Crucible Tool’s Improved Pattern Dividers.

“Instead, we make tools that have been overlooked or desperately need to be improved or refined.”

Here in Part 2 of our interview with Schwarz, we discuss using tools, making tools, furniture design, anarchy, accountability, photography, and what he hopes folks in the future will do when they look back on our work.

Core77: For the uninitiated, can you talk about what the allure is of using hand tools?

Christopher Schwarz: Oh, I hated hand tools when I was a kid. My family had a farm in Arkansas, and we built our first house [there] with hand tools. I went to college [and thought] “I’m never doing that again.” And of course, as soon as I got out of college, I started taking classes, and it was in handwork.

What I’ve found about handwork is that it is the expression of skill. The machines that we have are great, and I love machines too, but a lot of times [the machine is there] so that somebody unskilled can do an operation. And that’s great, there’s no problem with that. The problem is when designs start to be made around the limits of the machine, which is I’m sure something that the Core77 readers run up against all the time, like “Well, our CNC won’t handle this or that.”

Well, the answer has always been handwork. If you can use handwork, and you have machines at your disposal, and you don’t let the machines dictate your designs, then you’re pretty much free to design whatever you can think of. That’s the beauty, the [freedom conferred by] handwork.

It’s also great if you can…figure out how to make a machine help. I’ve got no problem with [the situation where] you [possess] hand skills, and [are] not limiting your designs to something that a machine can spit out. I really think you need both, if you want to be a really good designer for furniture.

Case in point: Here Schwarz experiments to see if he can make saddling out a seat faster by starting with a drill and a Forstner bit… 
…then hitting it with a scorp…
…and finishing up with a travisher.

Let’s talk about Crucible Tool. It’s not an easy thing to bring a new tool into production, what inspired you to take that leap?

Well, I’ve been writing about toolmaking since I started writing about woodworking, and took a very deep interest in learning about steel, and casting and everything, so that I could be an informed journalist.

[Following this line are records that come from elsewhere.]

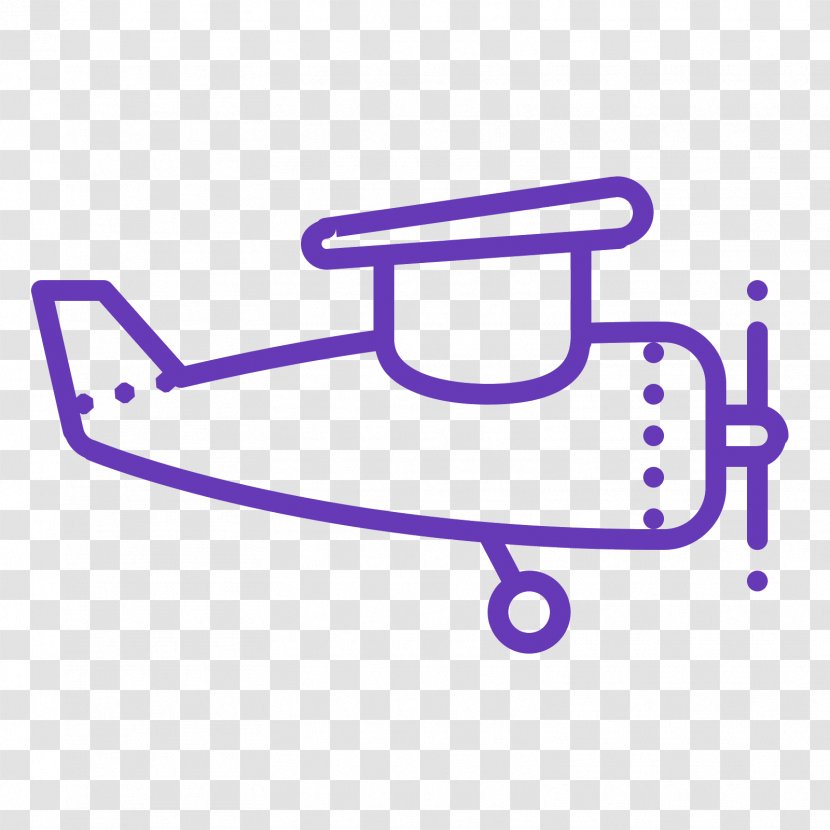 Airplane ICON A5 Aircraft Landing Transparent PNG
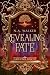 Revealing Fate (Curse of Fate Book 2)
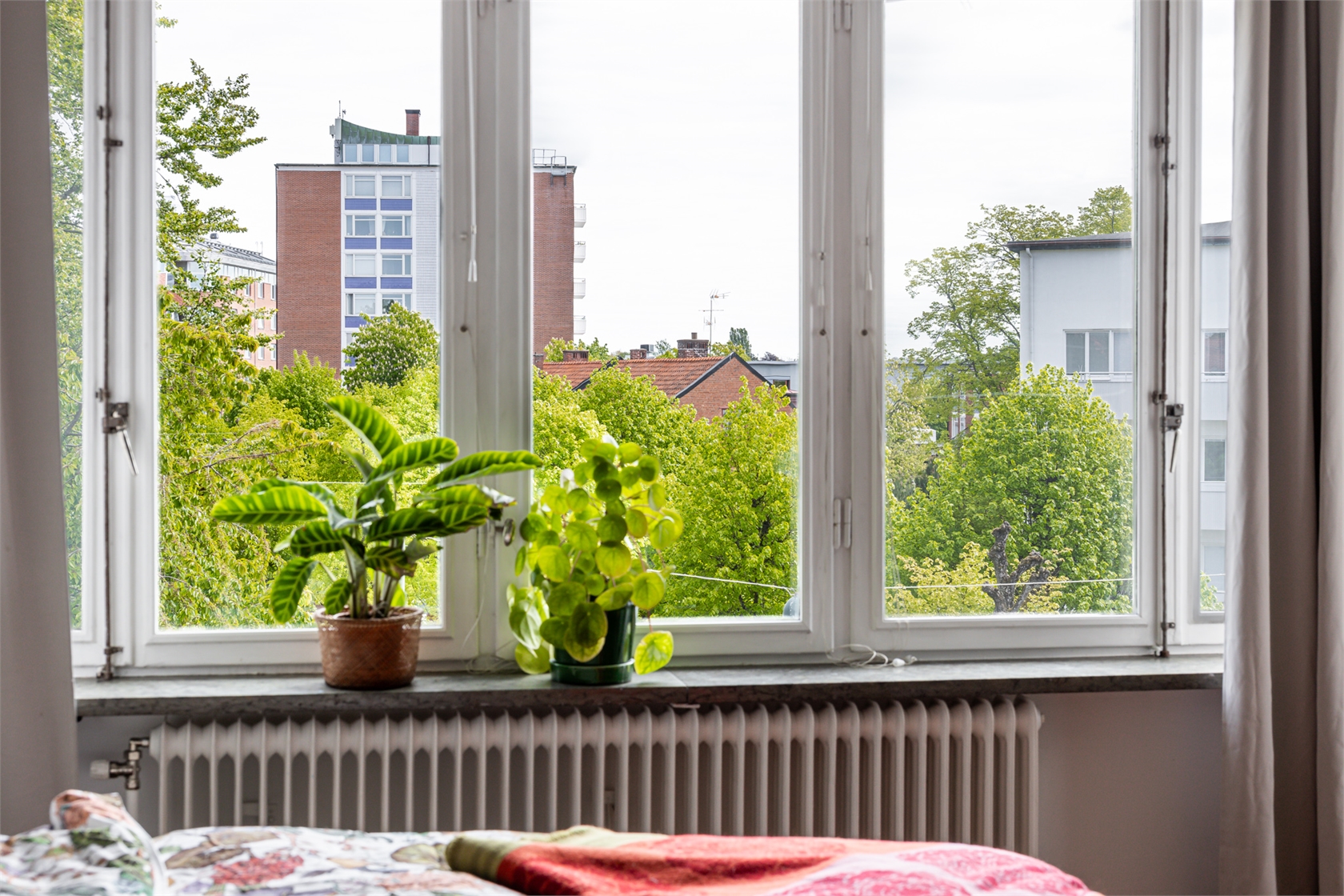 Bankgatan 28B – bild 35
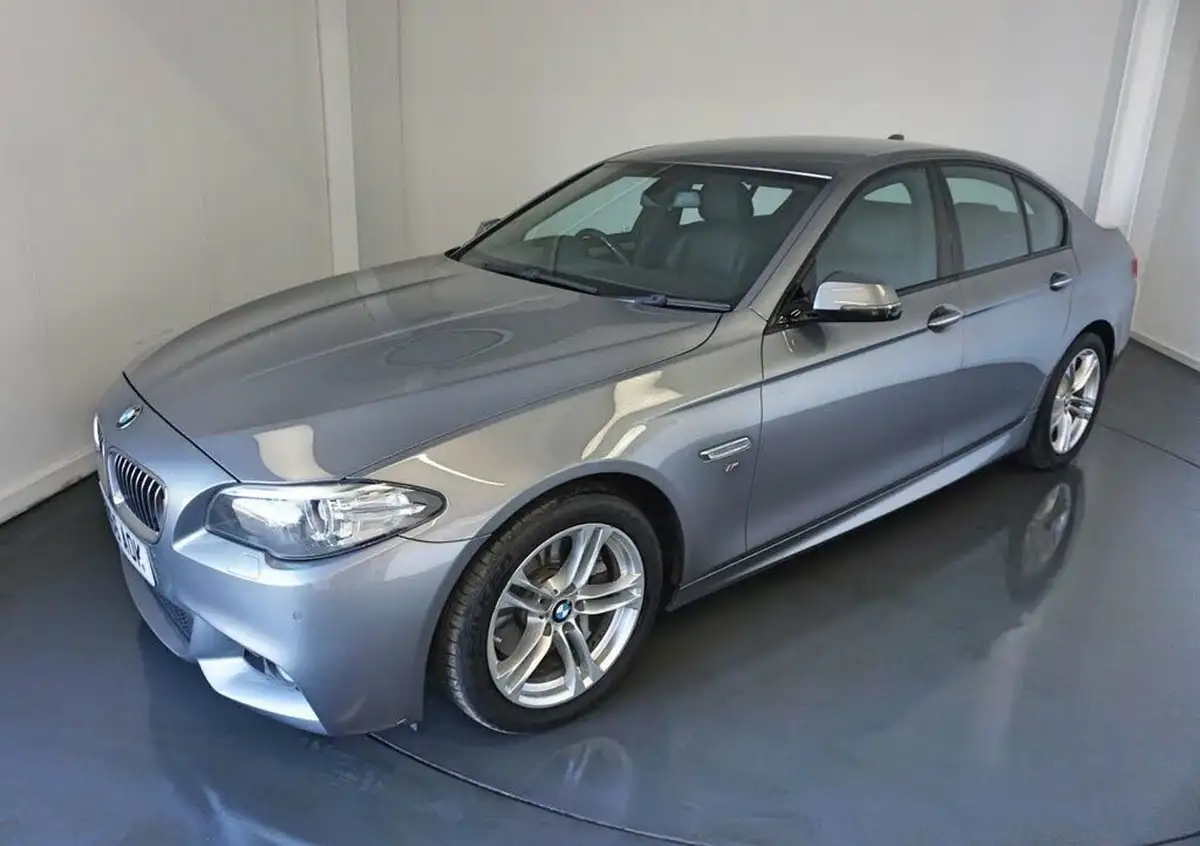 2016-bmw-5-series-30td-530d-m-sport-258bhp-saloon-4d-big-2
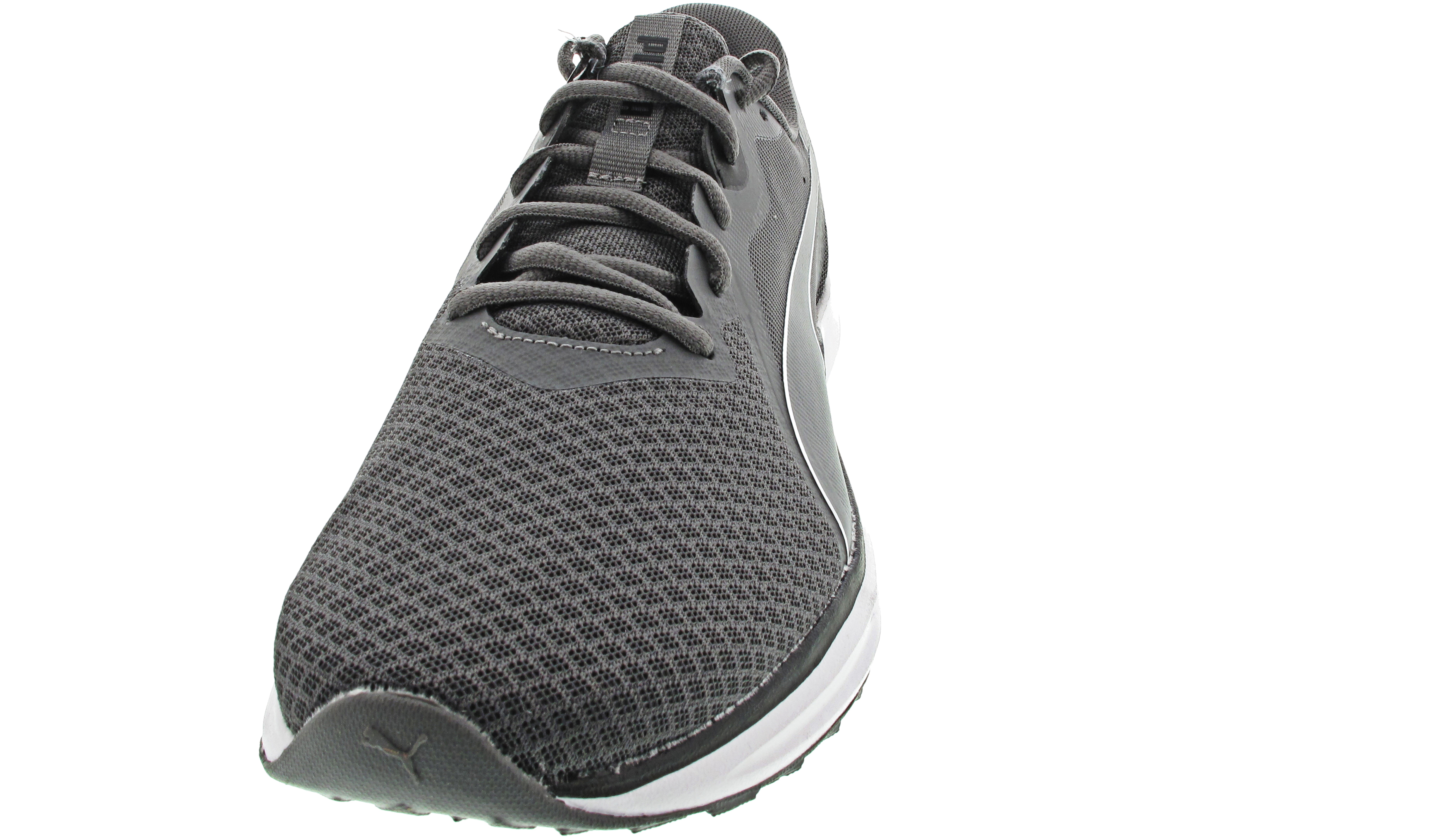 Puma Twitch Runner Fresh
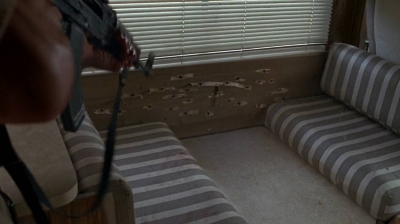 twd0603-3408.jpg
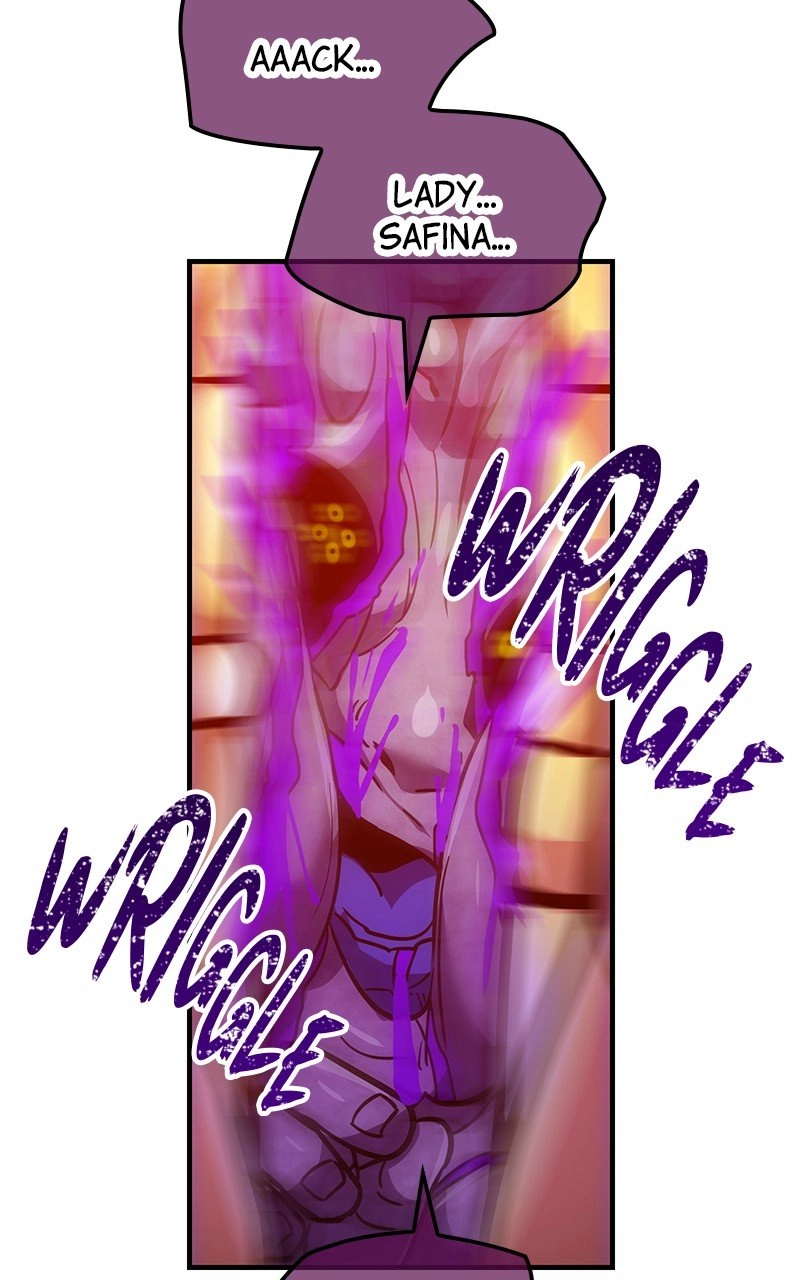 Savior of Divine Blood: Draw Out 0.00000001% to Become the Strongest Chapter 44, page 131 of 176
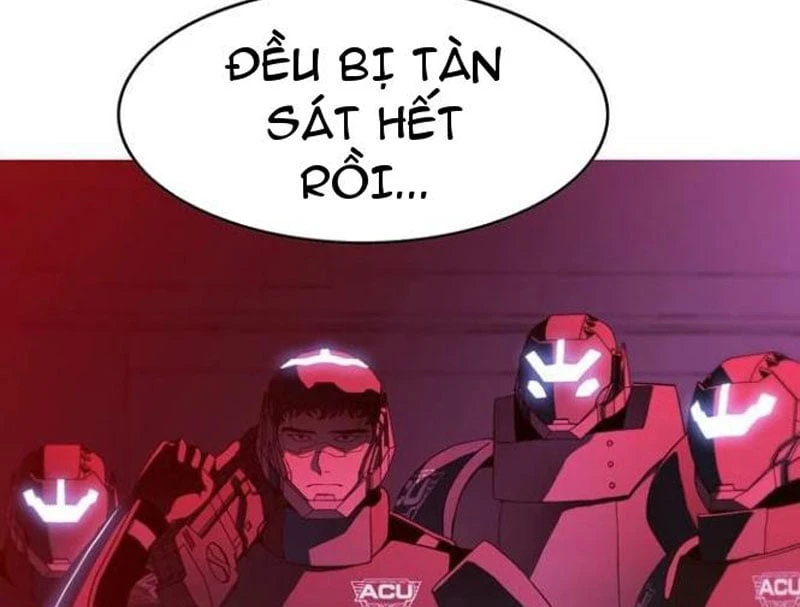Liên Kết Dị Thường Chapter  2 - 213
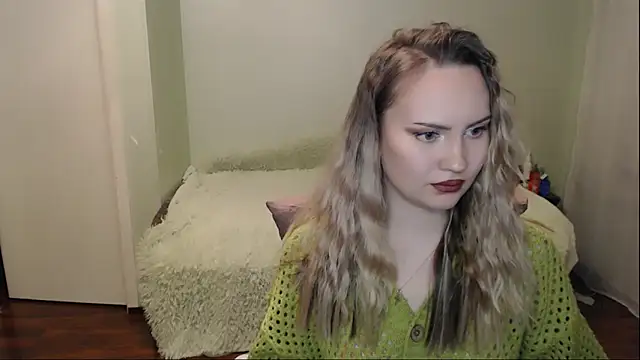 vivian word online show from February 23, 2026, 5:54 pm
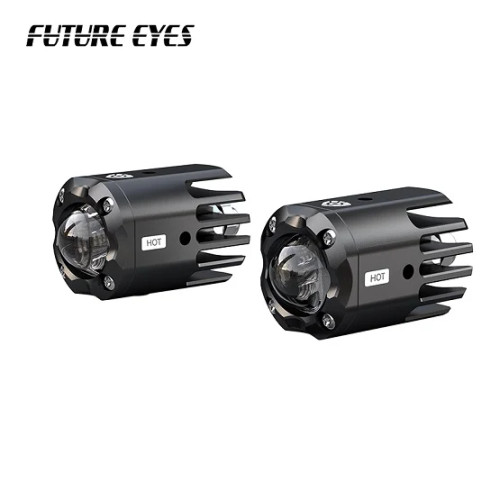 پروژکتور FUTURE EYES - F150-S Mini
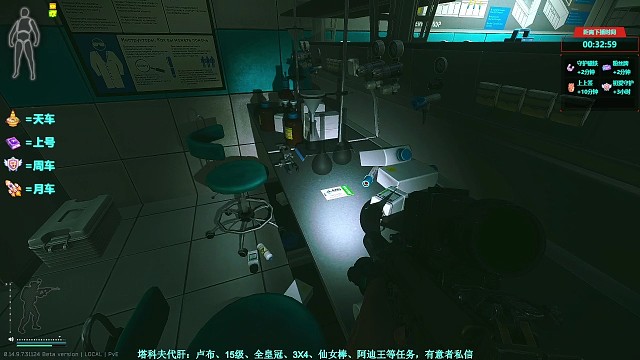 实验室：绿卡 3小黑 显卡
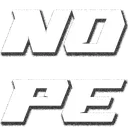 nope_Max2712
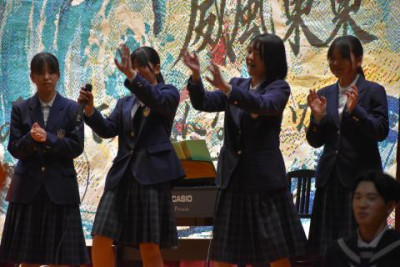 pict-6ハルサメ (7)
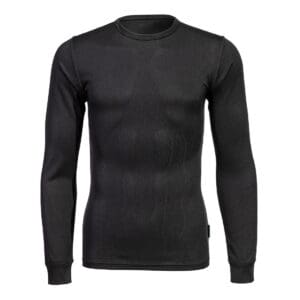 Women's Baselayer Long Sleeved Top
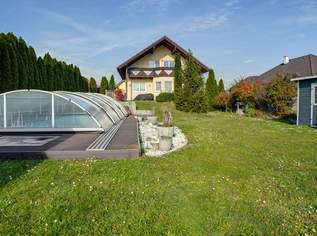 Einfamilienhaus gesucht? Koffer packen und einziehen!, 479000 €, Immobilien-Häuser in 2292 Engelhartstetten Einfamilienhaus gesucht? Koffer packen und einziehen!, 479000 €, Immobilien-Häuser in 2292 Engelhartstetten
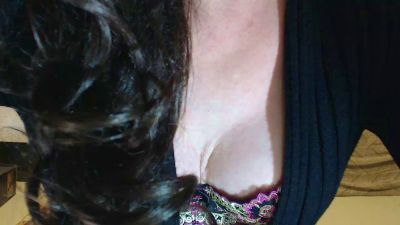 plumps_dws1 webcam model stream image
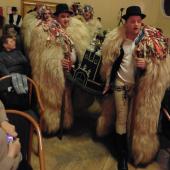 Kattintson a képre az új ablakban megnyíló eredeti felbontású fotóért.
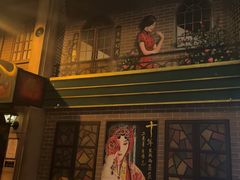 -星空密室·精选(天一豪景店)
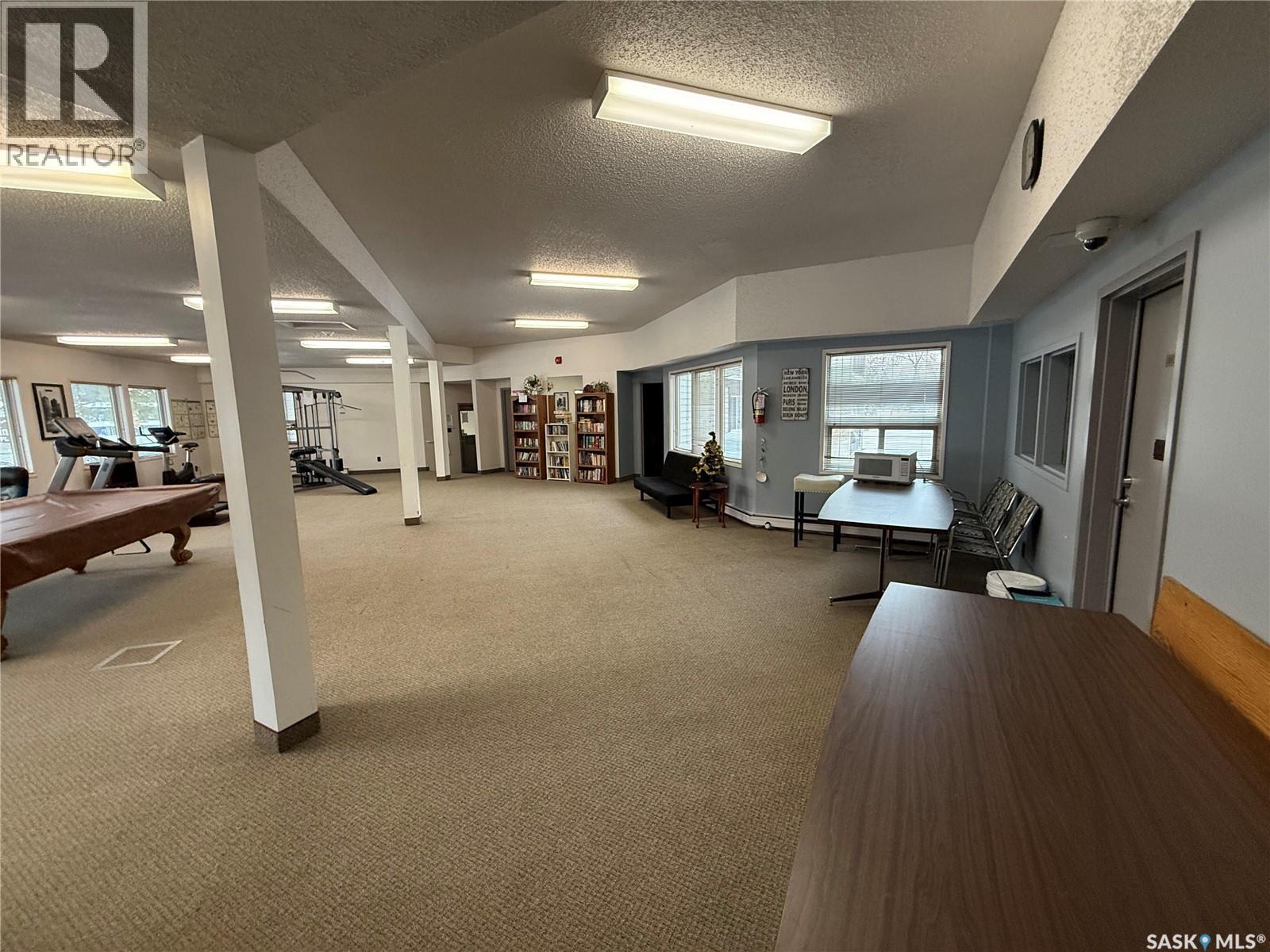 101 130 Edinburgh Place, Saskatoon, Saskatchewan  S7H 5J7 - Photo 5 - SK025652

And what I found is that there were some tools that just needed to be made. A lot of toolmakers are fantastic toolmakers, but they’re not woodworkers. I teamed up with some other friends of mine, who are toolmakers and also woodworkers, and we’re slowly, gradually bringing tools into the world that are what we want to have at our bench.

The patterns for Crucible Tool’s Iron Holdfasts.
Pattern in the drag, ready for sand.
The pour.
The magic moment.
The magicker moment.

We’re not trying to take over the world; it’s more like, “I want this damn mallet, but no one will make it for me in the way I want it made, to this hardness, with this length of handle,” et cetera. So we make it, and hopefully other people will think it’s good too.

For people who might mistake your focus on historical objects as just slavishly looking backwards, Crucible produces a pair of pattern dividers for which you designed a new hinge, no? A new hinge mechanism.

Oh yeah, absolutely. And it was informed by past designs, but is a move forward. I’m not a puffy sleeve guy, and I don’t wear weird underwear. Historical reproduction is not what I’m into at all. I try to be very…I don’t want to use the word contemporary, but I’m always trying to push forward, and not just trying to reproduce the past.

Crucible Tool’s Improved Pattern Dividers.
You can sharpen the tips to your liking, and the hinge allows you to dial in your preferred level of friction. In two generations, when the steel has worn a bit, all your descendant needs to do is tighten it and it’ll be good as new.
Five easy pieces. 

That’s the same way we are with the tools. We have modern materials. We can use them, but we don’t want to abuse them. We want to make sure that they’re used appropriately so that these tools will last forever, instead of the crap that we find at the home centers now, where design is a photocopy of a photocopy of a photocopy, made by somebody who just really doesn’t know what a screwdriver or a chisel does.

In addition to the pattern dividers, Crucible currently makes a set of design curves and iron holdfasts. What else is in the pipeline?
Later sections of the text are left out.